The most responsible way to bring spending and revenues into balance is to cut some spending while raising revenues--i.e. to raise taxes. The duly-elected majority party is attempting to increase revenues by allowing the previous administration's tax cuts to expire, returning taxes to Clinton-era levels (which remained much lower than Reagan-and-pre-Reagan levels). The vocal minority party has mischaracterized this return to prior levels of taxation as a massive whomping tax hike that will steal food from the mouths of orphans in soup kitchen lines; more importantly, they've engaged in all sorts of obstructionism and shenanigans.

Does one venture to hope the imminent departure of Rahm Emmanuel from the White House will make 51% the new 51%, at least until we discover how many seats the Republicans actually gain in both houses of Congress? It may well be too late for that. Is there complicity on both sides of the political aisle for pandering to high-dollar campaign contributors and corporate interests while allowing the tax regime to be distorted beyond all reasonable coherence? Absolutely, but the observation doesn't even seem helpful anymore.

In the meanwhile, for my part, I'll continue to vote for people who at least seem to be more likely to favor responsible, progressive tax policies and sneer at people who posture and pose and preen over how unfair it is that they have to pick up the costs of living in a pretty great country. Yeah, it's a goddamn shame those policemen and soldiers who protect your shit don't work for free and you have to share in the costs of educating the hoi polloi in the hope they'll be able to earn a living wage instead of rioting and burning down a subdivision of McMansions. Goddamn shame about that court system and public universities and an interstate highway system, sure wish we lived in a bunch of lean-tos with our guns and anarchy like rational, productive, self-reliant men and their women are supposed to.


WendyB_09 Wednesday, September 29, 2010 at 5:47:00 PM EDT  

One of my favorite books is "Eat, Shoots, and Leaves (why commas really matter)" which deals wonderfully with this exact subject. It frequently lives on my desk as a reference.

aphole=what you call your new i-phone that isn't working right.

(add new, knew & gnu to the list)

Jim Wright Wednesday, September 29, 2010 at 8:25:00 PM EDT  

This post wasn't by any chance inspired by my misuse on Stonekettle Station today of "Pidgin" for "Pigeon" was it?

dammed spell chequer

Eric Wednesday, September 29, 2010 at 8:28:00 PM EDT  

It wasn't, Jim.
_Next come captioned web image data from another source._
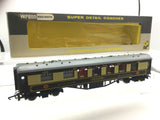 Wrenn W6012 OO Gauge Golden Arrow Pullman Coach Pegasus (White Tables)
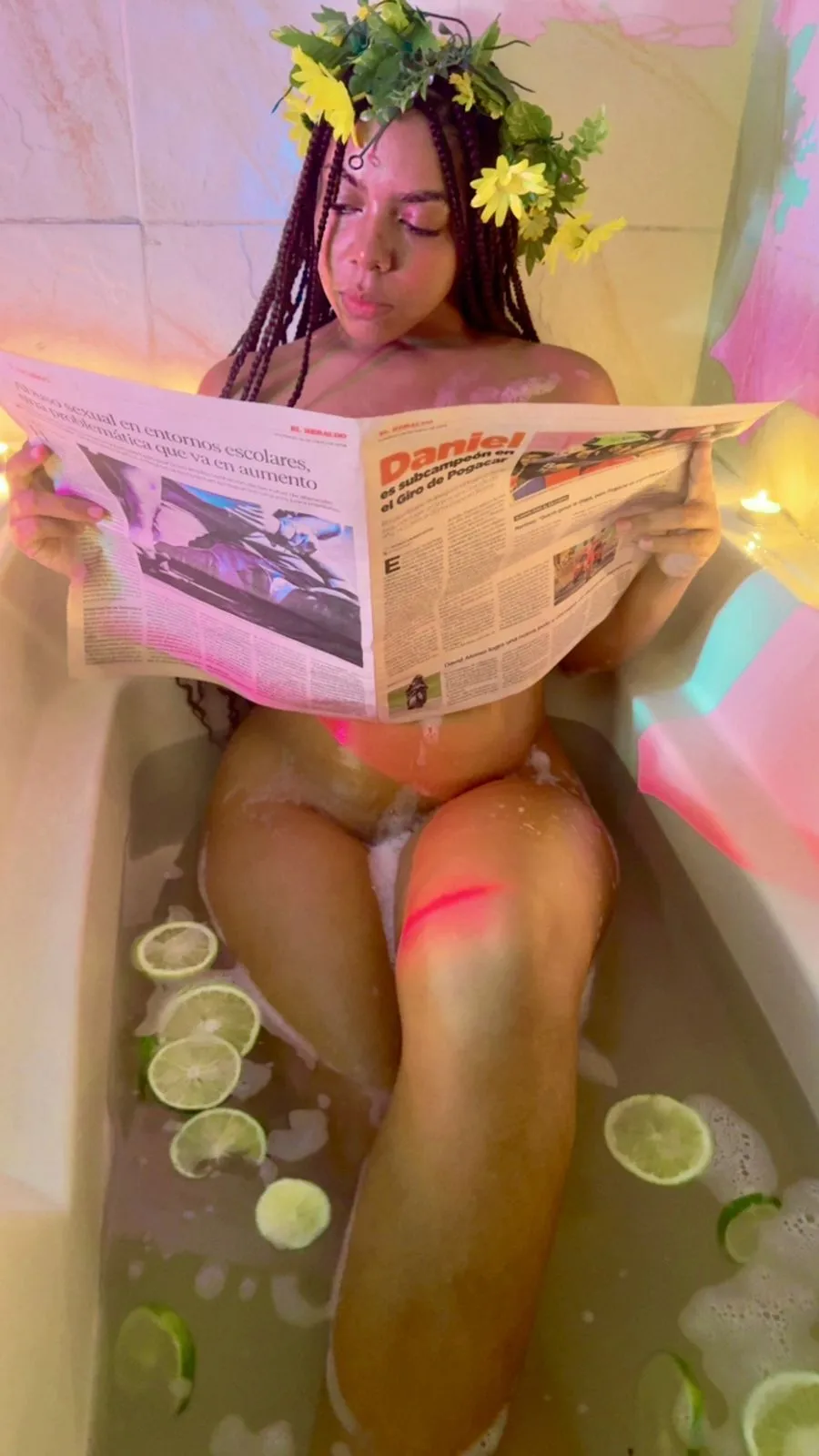 Live sex webcam photo for Alika101 #7281668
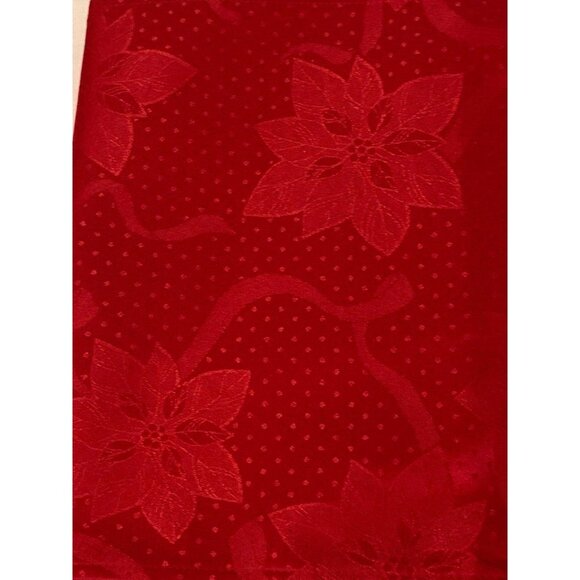 Red Poinsettia Table Runner 13" X 72" Christmas Holiday Dining Family Mainstays - Picture 5 of 9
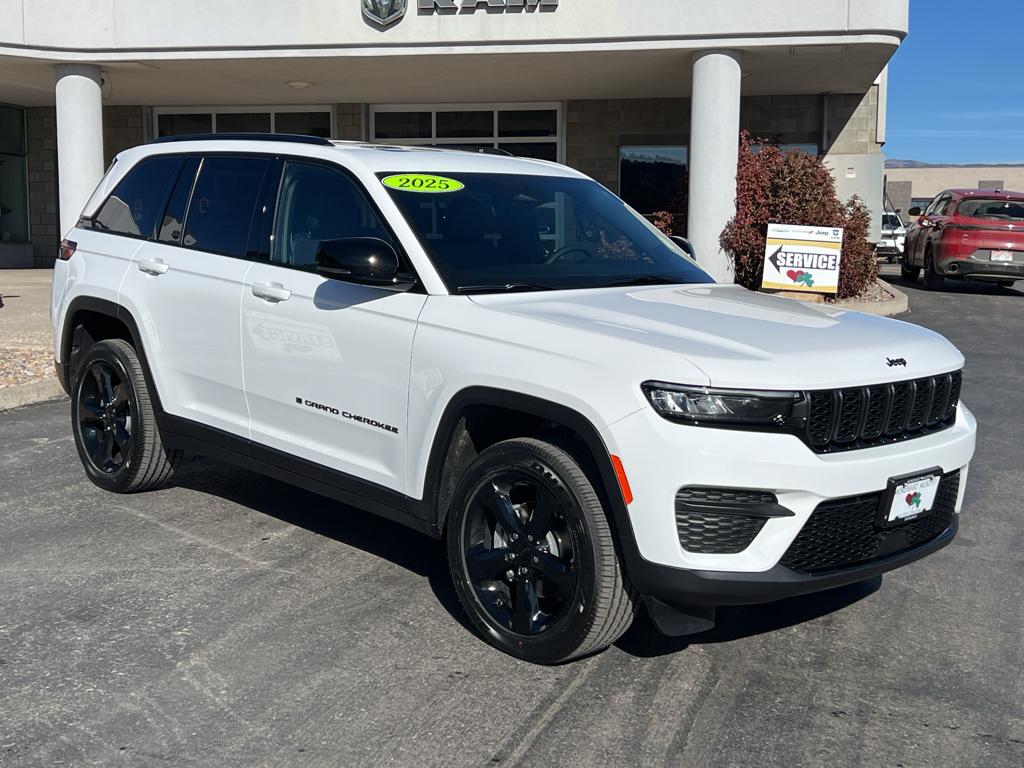 2025 Jeep Grand Cherokee Sport Utility 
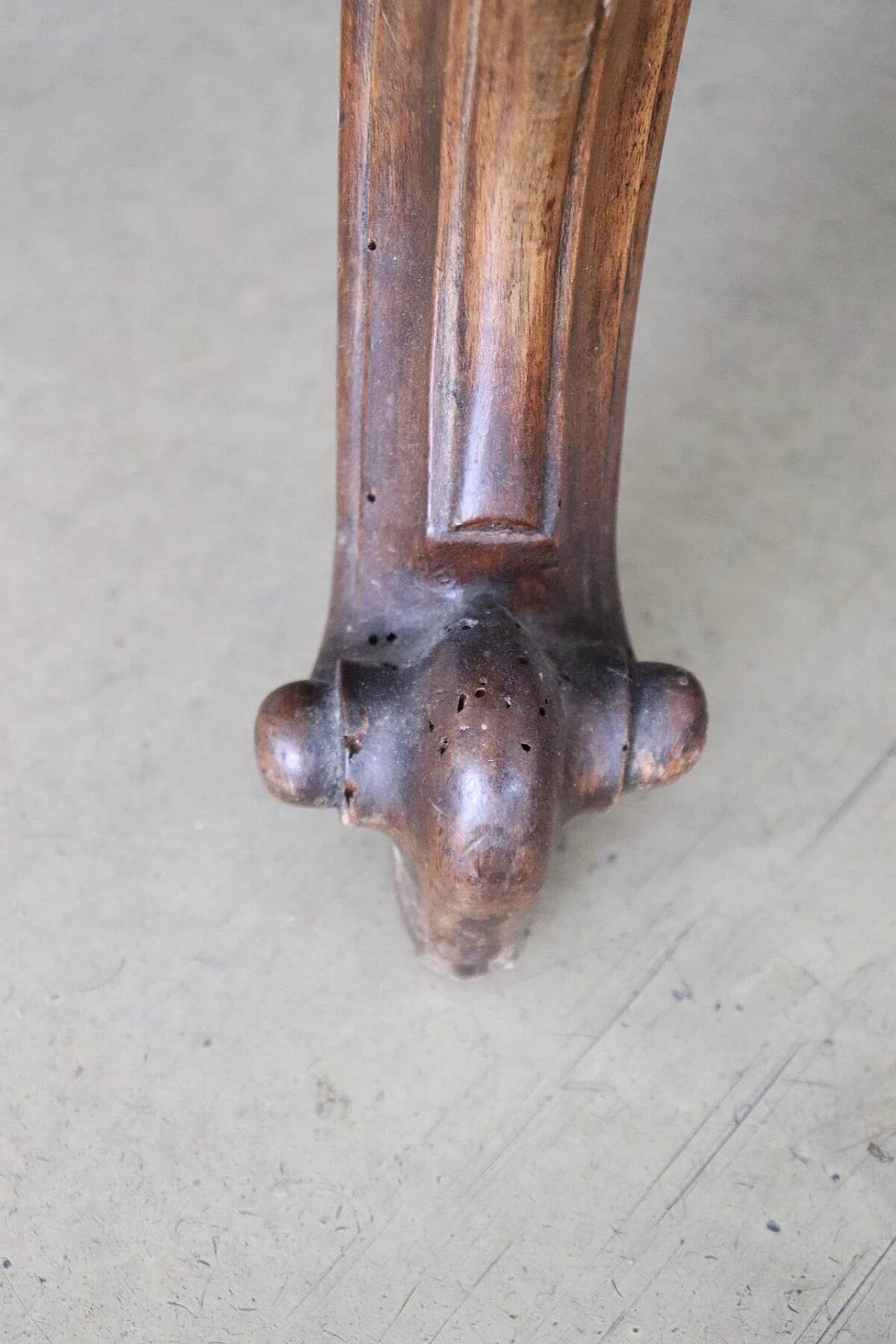 Grande tavolo antico a biscotto in noce e radica alta epoca secolo XIX 1072802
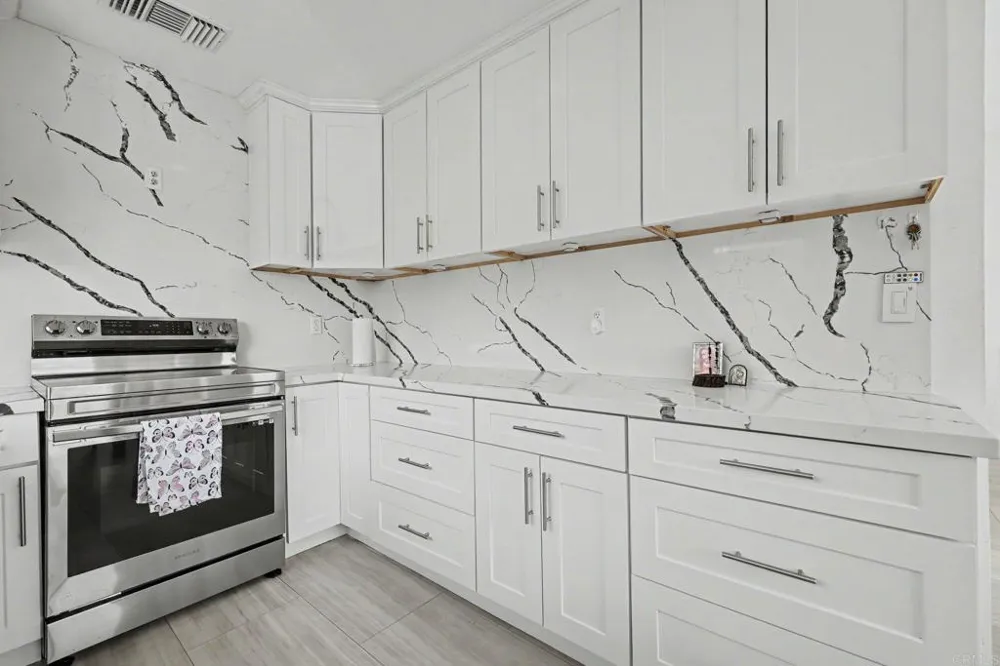 1380 E Washington Avenue #17 El Cajon, CA 92019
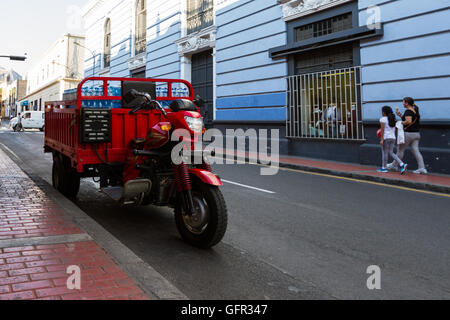 Lima - 10 Maggio : interessante consegna motociclo con un letto di prelievo a Lima. 10 maggio 2016 Lima Peru. Foto Stock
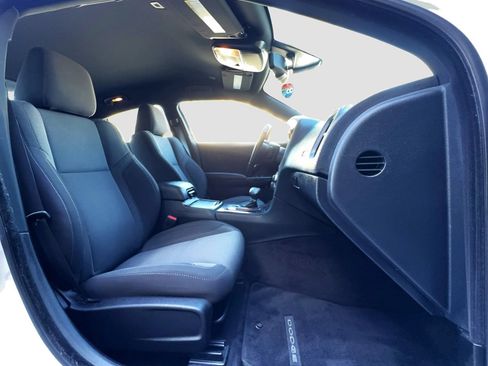 Used 2017 Dodge Charger SXT w/ Blacktop Package RWD image 33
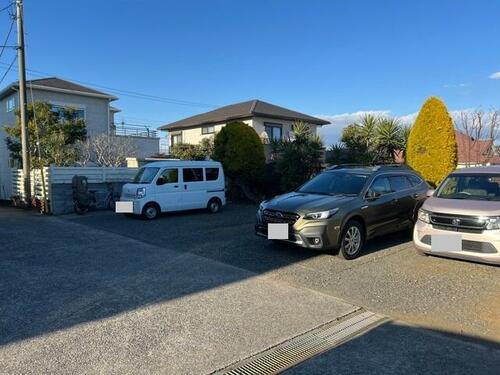 ＦＫグランシード栄駐車場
I didn't notice that one, and if I had I might've sent you a DM. This was indeed someone using "reign" in place of "rein."

timb111 Friday, October 1, 2010 at 10:06:00 AM EDT  

I've been out of town and off the internet, but on the chance that someone is till reading these comments:

My wife is the Queen of shopping. She rules at the mall. She reigns in finding bargains, she reigns in fashion and she reigns in spending.

Now, if someone wants to comment that this is an obvious sexist stereotype, please understand that occasionally for a particular individual stereotypes are accurate.

Eric Friday, October 1, 2010 at 10:41:00 AM EDT  

And that usage works! I hereby award you a pie!*

*No pie will actually be awarded.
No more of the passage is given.